If this is something that you might be interested in working on, talk to gianp, rjsimmon or sully on #sml on Freenode.

Considerations:

  • Which platforms do we support? SML/NJ and MLton?
  • How much do we try to do? Just provide search over an index of packages and a standard way to fetch and unpack them? Or something more sophisticated?
  • How does this interact with existing platform-specific packaging systems?
  • Are there SML-specific artifacts we could usefully expose (e.g. signatures?)
  • Naming hierarchy and signatures?
    • Python style?
    • Java style?
    • --- something else?

What would this look like?

Here's a very basic thought or two that doesn't manage to take advantage of SML in any way. If people have experience with other versioning systems, they should chime in. Assuming people used semantic versioning in the correct way as described by http://semver.org/ , it seems like it would incorporate into the repository for "awesometool" a file awesometool.smackspec, with the following contents.

require cmlib 1.0.2;
require utf8lib 2.1.5;

If we then ran, as part of a makefile process, perhaps, or just independently, a command like this:

$ smack awesometool.smackspec

Smackage would then need to know how to seek out cmlib and utf8lib. If it currently had lying around (on a Mac)

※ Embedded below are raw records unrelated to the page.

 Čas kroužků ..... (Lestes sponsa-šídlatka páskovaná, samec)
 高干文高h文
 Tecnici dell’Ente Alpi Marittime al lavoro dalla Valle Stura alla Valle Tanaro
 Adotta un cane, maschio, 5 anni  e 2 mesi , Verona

/Users/Me/Library/Standardml/smackage/cmlib-1.1.3
/Users/Me/Library/Standardml/smackage/utf8lib-2.1.5

Then it could just symlink cmlib-1.1.3 to cmlib-1.0.2, since the later should be backwards compatible with the former, but would need to download either utf8lib-2.1.5 (or, maybe, the more recent utf8lib-2.4.9 and create a symlink).

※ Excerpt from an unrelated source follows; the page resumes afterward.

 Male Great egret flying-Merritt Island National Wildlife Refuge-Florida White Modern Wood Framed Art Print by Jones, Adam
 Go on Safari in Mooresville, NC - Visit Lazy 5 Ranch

That's all we do: put code into the right place and handle (transitive, versioned) dependencies, counting on the fact that people are using semantic versioning correctly (mainly, this means requiring that version 2.1.5 is required to be backward-compatible with 2.0.3, but 3.0.1 is not). Let's assume that both of these libraries provide the facility to be run with ML basis files and with CM files.

MLton/ML Basis

There's a one time configuration where we update the global mlb-path-map file (it lives at /usr/local/lib/mlton/mlb-path-map on Rob's MacBook) with the line

SMACKAGE /Users/Me/Standardml/smackage

Then, our own sources.mlb file could include

$(SMACKAGE)/cmlib-1.0.2/cmlib.mlb
$(SMACKAGE)/utf8lib-2.1.5/sources.mlb

Standard ML of New Jersey/CompilerManager

There's a one time configuration where we add to our local ~/.smlnj-pathconfig file the single line

SMACKAGE /Users/Me/Standardml/smackage

Then, our own sources.cm file could include

$SMACKAGE/cmlib-1.0.2/cmlib.cm
$SMACKAGE/utf8lib-2.1.5/sources.mlb

Three cheers for Sully, who figured out what an smlnj-pathconfig line was.

Implementation

I (Gian) think it's safe to release something really simple as version 0.0.1. A basic curl wrapper that supports semantic versioning and very basic dependency resolution is a big improvement over what we currently have. We could back it off Git initially, and look at issues like mirroring and other delivery methods once we have anybody actually using it.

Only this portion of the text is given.